Pop Art

Pop art (popular art)è stato definito un fenomeno artistico che ha avuto origine in America intorno al 1960 e che di lì si è diffuso in tutto il mondo. La pop art muove dalla consapevolezza che l’uomo vive in mezzo a oggetti industriali, bombardato da messaggi pubblicitari da cui viene condizionato. Pop art dunque perché assume il linguaggio visivo che è patrimonio di tutti e perché pone al centro dell’attenzione gli oggetti da cui siamo circondati, anche i più banali. Per questa ragione questa nuova corrente artistica è stata accostata al dadaismo. Tuttavia, mentre i dadaisti esibivano un atteggiamento polemico, la pop art vuole piuttosto interpretare il proprio momento storico. L’oggetto viene estraniato dal proprio contesto per meglio evidenziare la sua “esistenza”, concentrando su di esso la nostra attenzione. In Italia venne conosciuta come “arte popolare”: L'appellativo "popolare" deve essere inteso però in modo corretto. Non come arte del popolo o per il popolo ma, più puntualmente, come arte di massa, cioè prodotta in serie. E poiché la massa non ha volto, l'arte che la esprime deve essere il più possibile anonima: solo così potrà essere compresa e accettata dal maggior numero possibile di persone. In un mondo dominato dal consumo, la Pop art respinge l'espressione dell'interiorità e dell'istintività e guarda, invece, al mondo esterno, al complesso di stimoli visivi che circondano l'uomo contemporaneo. I più autentici rappresentanti della pop art sono Andy Warhol e Roy Lichtenstein.

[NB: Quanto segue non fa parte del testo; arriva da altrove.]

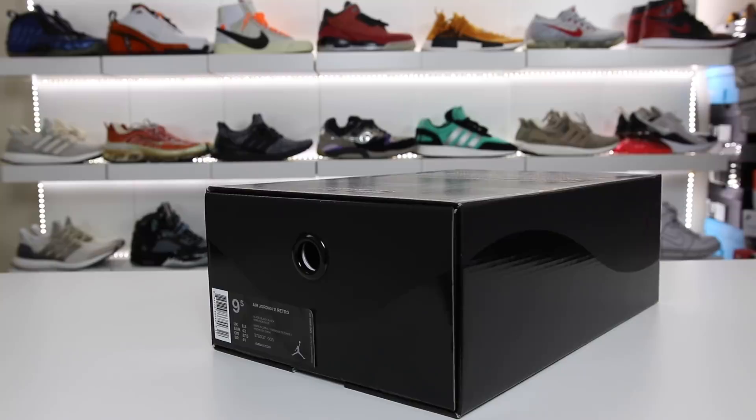Alright, so I came home from work and I wanted to show you guys the first look at the Air Jordan 11 in the triple black colorway, also known as the blackout, also known as the prom night, also known as the cap and gown. Let's go ahead and show you guys these in this video.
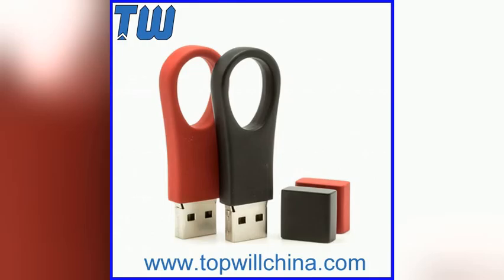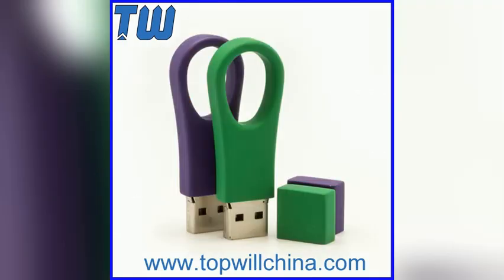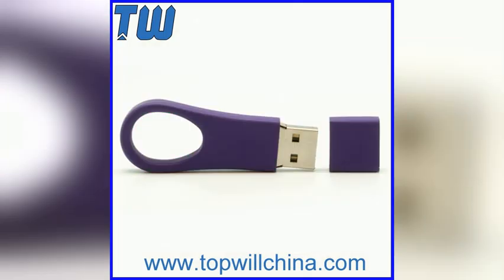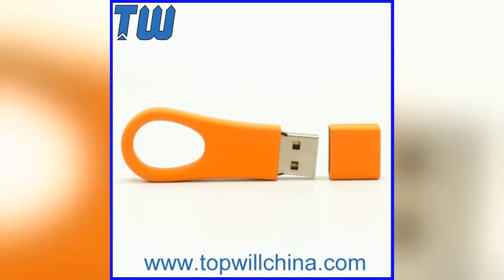Tel: +86-15219993231. WhatsApp: 86-15219993231. We can print customer's logo on USB flash drive.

I temi prescelti da Warhol sono quelli consueti della vita contemporanea, stereotipati e condizionati: divi cinematografici e politici oppure oggetti da supermercato. Nel Barattolo di minestra Campbell, per esempio, tutto è riprodotto con scrupolo, dalle scritte alla decorazione dell’etichetta, e rappresenta un oggetto comunissimo da supermercato estraniato dal suo contesto. un esempio invece di dipinto con divi cinematografici è il quadro Liz Taylor, un ritratto appunto dell’attrice contemporanea. Come per altri celebri personaggi, di cui Warhol ha realizzato dei ritratti, anche Liz Taylor, che qui vediamo nella prima versione colorata, l' artista ha realizzato una serie di varianti cromatiche, utilizzando sempre la medesima riproduzione. In questo modo, l' artista Warhol, ripetendo molte volte la stessa immagine, ci fa capire che diventa "comunicazione", perché non è fatta più, per un singolo individuo (il collezionista, o il visitatore del Museo), ma per una società che sfrutta le scoperte della tecnica, per proporle a tutta la collettività, attraverso manifesti, poster, calendari, cartoline ecc. ovviamente il soggetto deve essere subito riconoscibile dalla massa delle persone, da qui la scelta esclusiva di riprodurre soltanto oggetti o personaggi famosi.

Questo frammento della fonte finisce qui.